> What you will do
Print the entries exactly; skip the pictures.

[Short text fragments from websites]
■ ■ ■ ■ ■

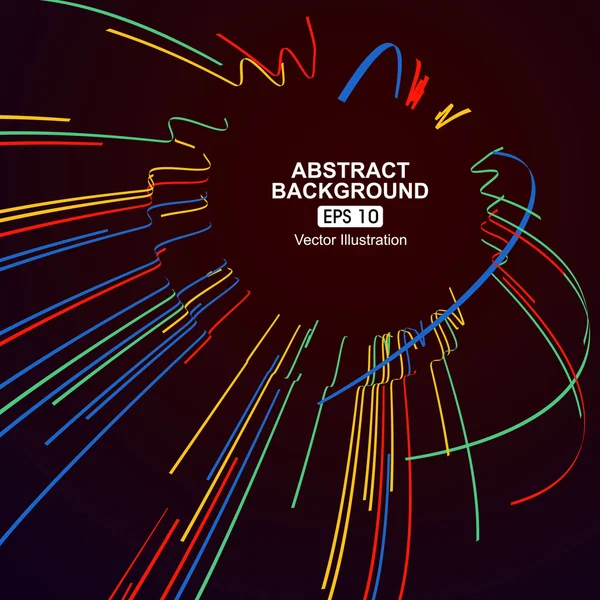 Kleurrijke kromme samenstelling hebben een gevoel voor perspectief achtergrond. — Stockvector
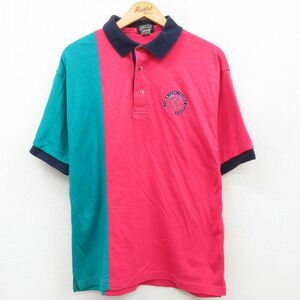 XL/古着 半袖 ポロ シャツ メンズ 90s ゴルフ ツートンカラー コットン 濃ピンク系他 23jun19 中古 トップス 2OF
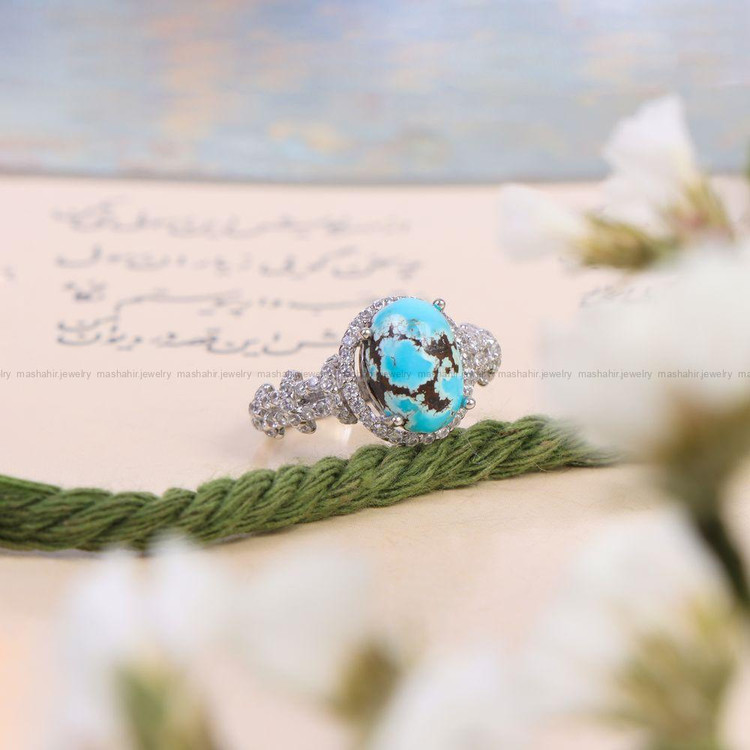 انگشتر فیروزه شجری زنانه کد 10531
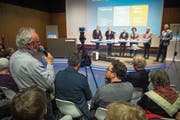 Die Regierungsratskandidaten stellten sich am Podium im LZ-Auditorium auch Publikumsfragen. (Bild: Dominik Wunderli (Luzern, 12. März 2019))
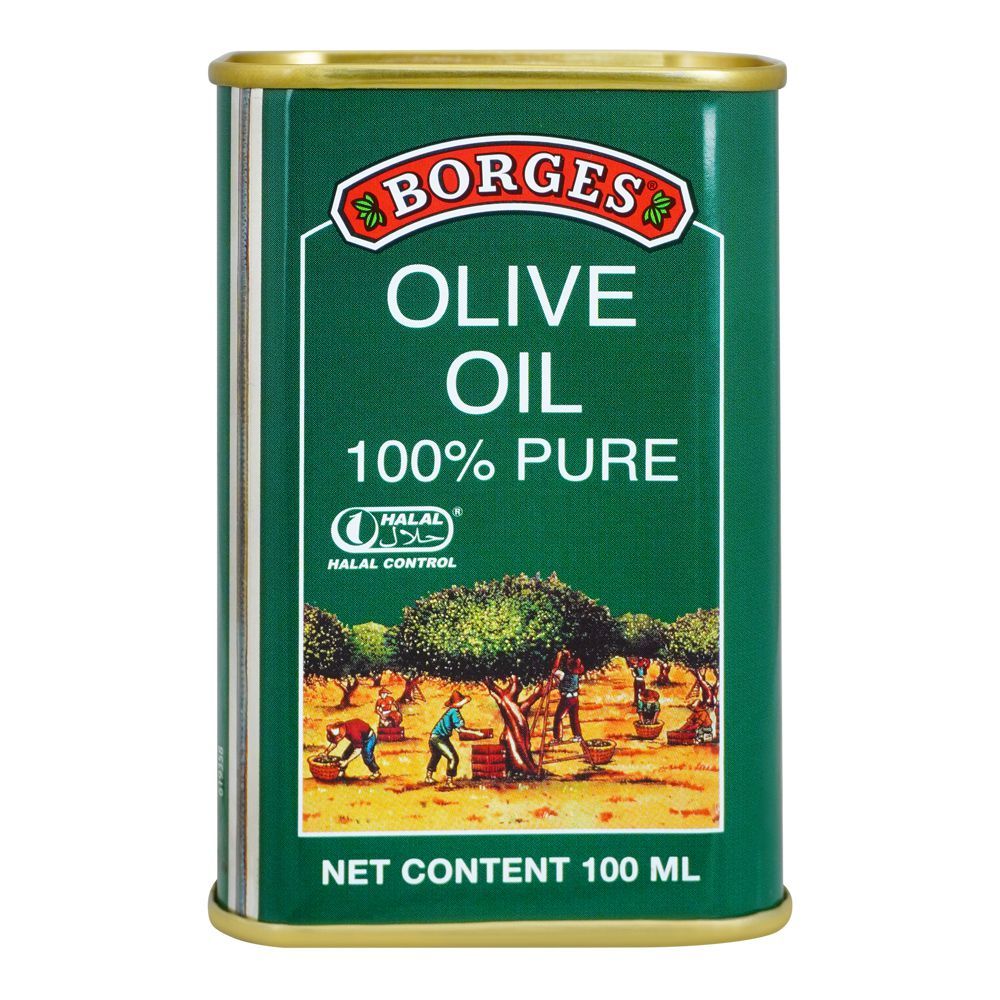 Borges Pure Olive Massage Oil Tin, 100ml - Front View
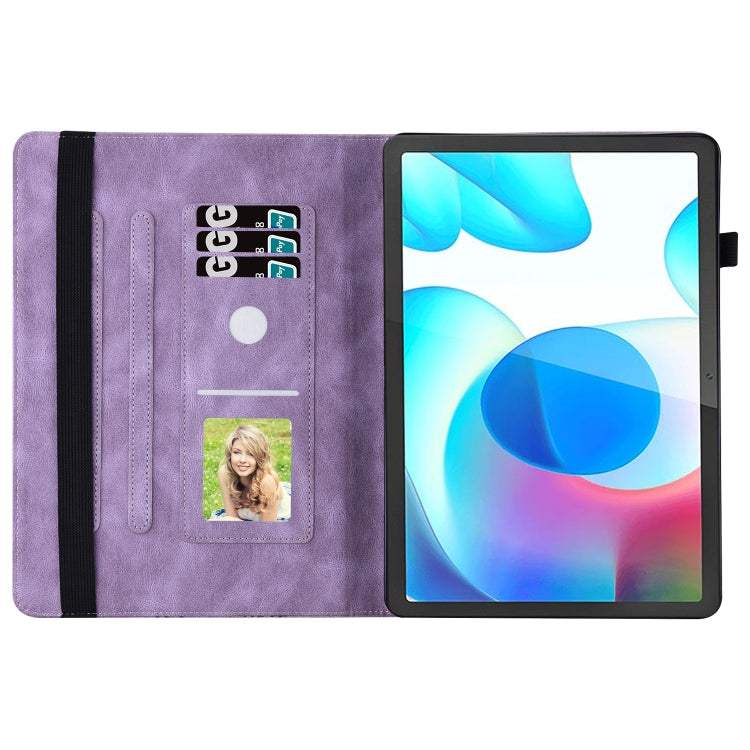 For Realme Pad Big Butterfly Embossed Leather Tablet Case(Purple) - Realme by PMC TechLife | Online Shopping South Africa | PMC TechLife | Buy Now Pay Later Mobicred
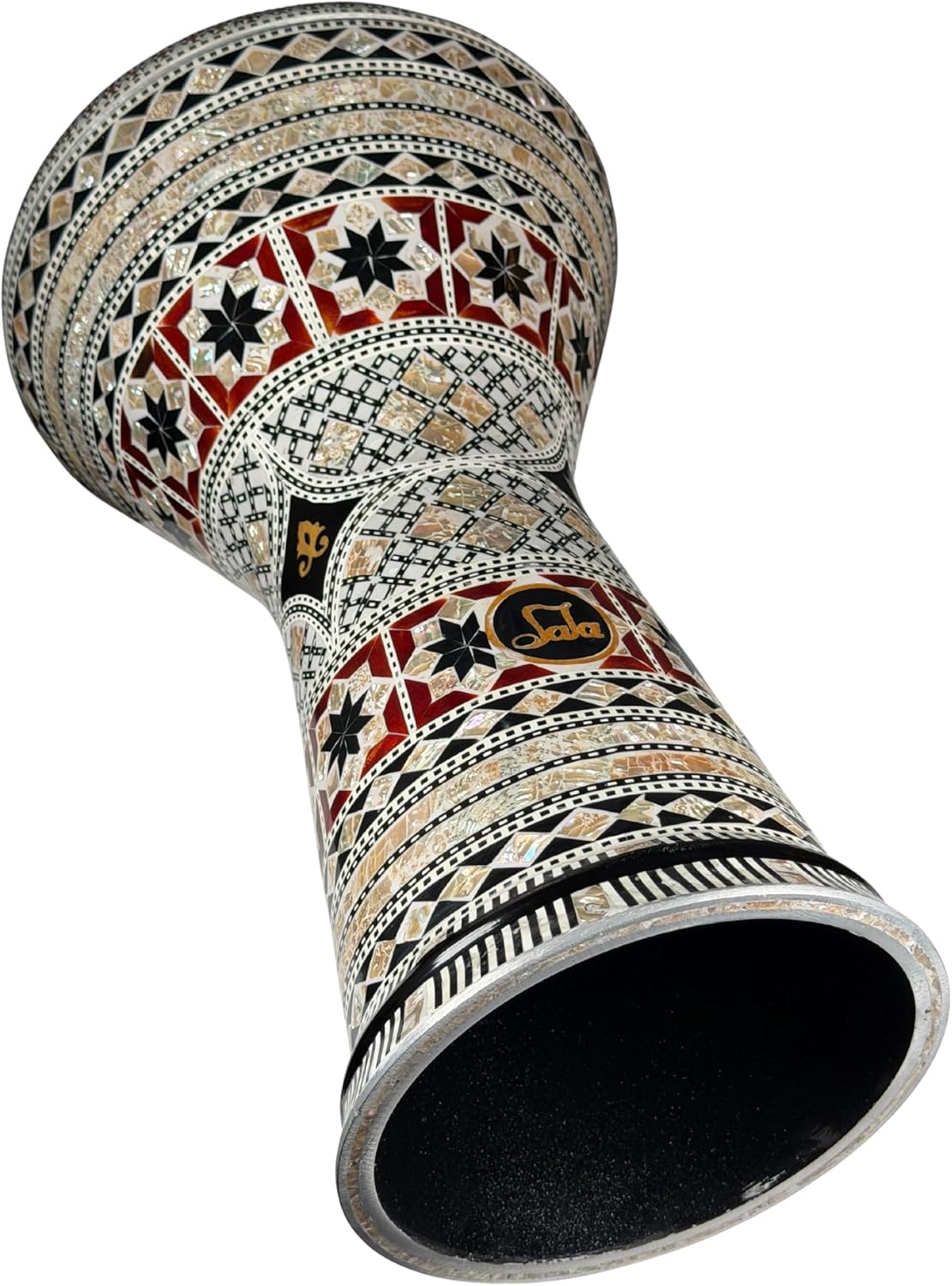 Professional Sala Mother Of Pearl Inlaid Egyptian Darbuka Doumbek Percussion Musical Instrument MOP-2 (23 cm)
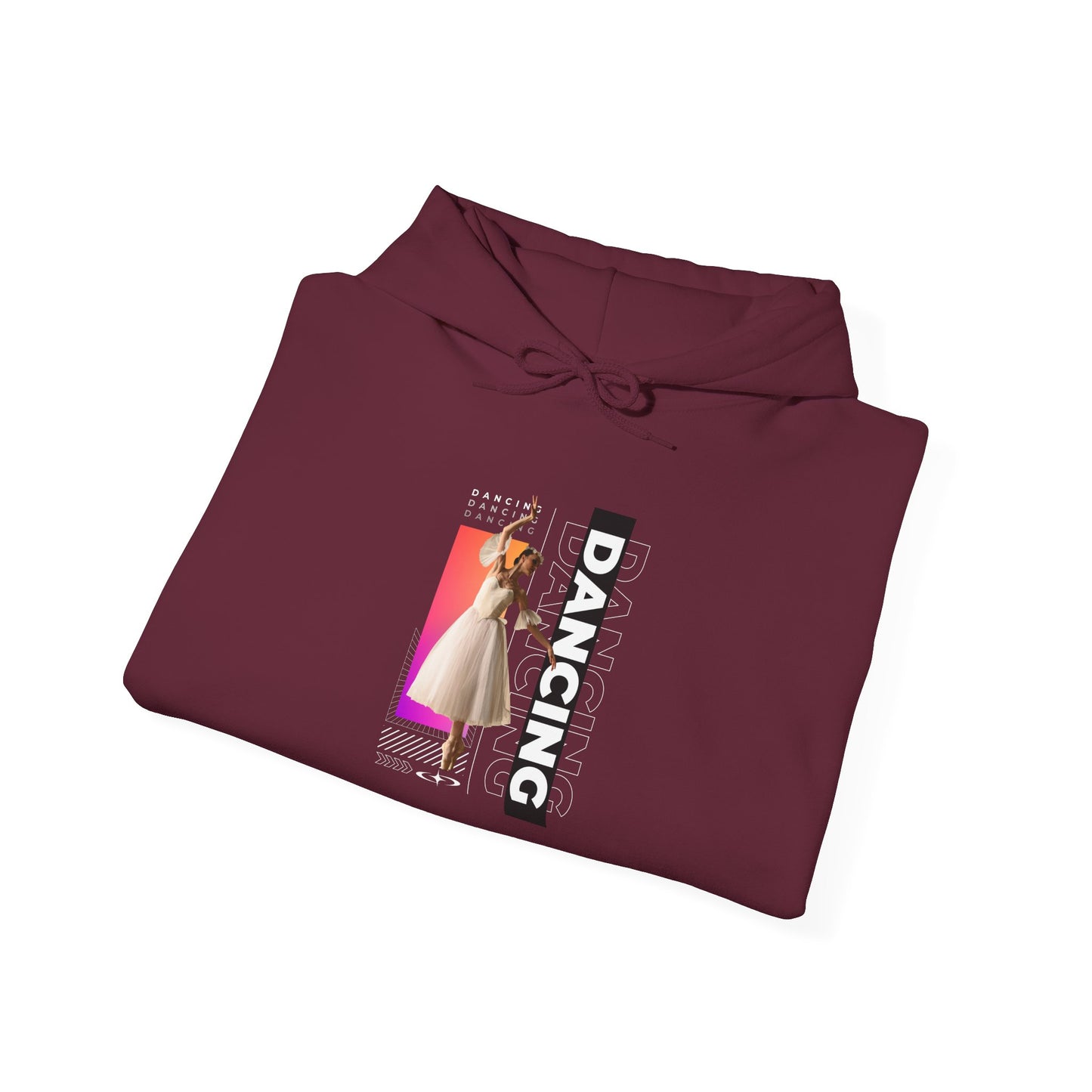 “Dancing” Text with Streetwear-Style Female Dancer Graphic - Unisex Heavy Blend™ Hooded Sweatshirt – Cozy Dance Hoodie for Ballet & Hip-Hop Enthusiasts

■ ■ ■ ■ ■

> Exercise solution
 Kleurrijke kromme samenstelling hebben een gevoel voor perspectief achtergrond. — Stockvector
 XL/古着 半袖 ポロ シャツ メンズ 90s ゴルフ ツートンカラー コットン 濃ピンク系他 23jun19 中古 トップス 2OF
 انگشتر فیروزه شجری زنانه کد 10531
 Die Regierungsratskandidaten stellten sich am Podium im LZ-Auditorium auch Publikumsfragen. (Bild: Dominik Wunderli (Luzern, 12. März 2019))
 Borges Pure Olive Massage Oil Tin, 100ml - Front View
 For Realme Pad Big Butterfly Embossed Leather Tablet Case(Purple) - Realme by PMC TechLife | Online Shopping South Africa | PMC TechLife | Buy Now Pay Later Mobicred
 Professional Sala Mother Of Pearl Inlaid Egyptian Darbuka Doumbek Percussion Musical Instrument MOP-2 (23 cm)
 “Dancing” Text with Streetwear-Style Female Dancer Graphic - Unisex Heavy Blend™ Hooded Sweatshirt – Cozy Dance Hoodie for Ballet & Hip-Hop Enthusiasts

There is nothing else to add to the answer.